A sample of acetic acid (weak acid) was neutralized with .05M NaOH solution by titration. 34 mL of NaOH had been used. Show your work.

CH3COOH + NaOH-----CH3COONa + H2O

a) Calculate how many moles of NaOH were used?

b) How many moles of aspirin were in a sample?

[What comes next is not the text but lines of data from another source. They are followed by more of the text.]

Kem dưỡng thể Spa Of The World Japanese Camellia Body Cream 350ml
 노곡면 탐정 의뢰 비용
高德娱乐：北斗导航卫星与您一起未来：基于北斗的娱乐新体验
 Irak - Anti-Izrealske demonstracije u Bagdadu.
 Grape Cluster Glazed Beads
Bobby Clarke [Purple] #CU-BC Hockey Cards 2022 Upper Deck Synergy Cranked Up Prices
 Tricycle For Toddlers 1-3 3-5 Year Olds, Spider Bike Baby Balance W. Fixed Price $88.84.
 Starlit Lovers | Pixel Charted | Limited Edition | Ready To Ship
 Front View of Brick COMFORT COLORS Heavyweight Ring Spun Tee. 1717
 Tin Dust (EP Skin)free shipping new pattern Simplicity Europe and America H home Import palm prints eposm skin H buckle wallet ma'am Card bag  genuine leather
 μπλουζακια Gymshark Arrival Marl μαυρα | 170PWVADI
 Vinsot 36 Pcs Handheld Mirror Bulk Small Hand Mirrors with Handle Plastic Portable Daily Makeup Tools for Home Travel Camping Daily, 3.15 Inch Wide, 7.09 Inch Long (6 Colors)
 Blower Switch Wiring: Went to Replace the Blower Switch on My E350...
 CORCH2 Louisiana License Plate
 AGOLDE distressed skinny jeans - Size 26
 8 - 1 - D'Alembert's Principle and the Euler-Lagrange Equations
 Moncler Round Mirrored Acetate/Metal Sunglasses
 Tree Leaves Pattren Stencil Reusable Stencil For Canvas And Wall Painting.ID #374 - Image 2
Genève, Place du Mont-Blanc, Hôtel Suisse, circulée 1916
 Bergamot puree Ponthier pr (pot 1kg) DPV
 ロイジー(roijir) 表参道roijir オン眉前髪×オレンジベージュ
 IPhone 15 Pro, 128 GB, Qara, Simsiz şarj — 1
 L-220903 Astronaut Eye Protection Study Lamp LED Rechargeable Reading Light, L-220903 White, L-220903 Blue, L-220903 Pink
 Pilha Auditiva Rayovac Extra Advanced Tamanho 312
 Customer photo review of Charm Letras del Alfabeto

c) Calculate how many grams of acetic acid were in the sample

d) When acetic acid is titrated with NaOH solution what is the pH at the equivalence point? Circle the right answer.

pH>7
pH=7
pH<7

a) Moles of NaOH used =

Molarity = Moles of NaCL / Liter of solution

therefore ,

Moles of NaCl = Molarity x liter of solution

= 0.05 x 0.034 ( 34 ml = 0.034 liter )

= 0.0017 Moles of NaCl

b) Moles of Acetic acid =

In the reaction the ratio of Acetic acid to NaCl is 1;1

therefore moles of acetic acid is also 0.0017

c ) Grams of acetic acid =

We know that No. of moles = Grams / Mol. Weight

therefore ,

Grams = Mol. Weight x No. of moles

= 60.05 x 0.0017

= 0.102 grams of acetic acid.

d ) At the equivalence point the pH is greater then 7 because all of the acetic acid has been converted to its conjugate base CH3COO- by the addition of NaOH and now the equilibrium moves backwards towards Acetic acid and produces hydroxide, Therefore,

pH > 7.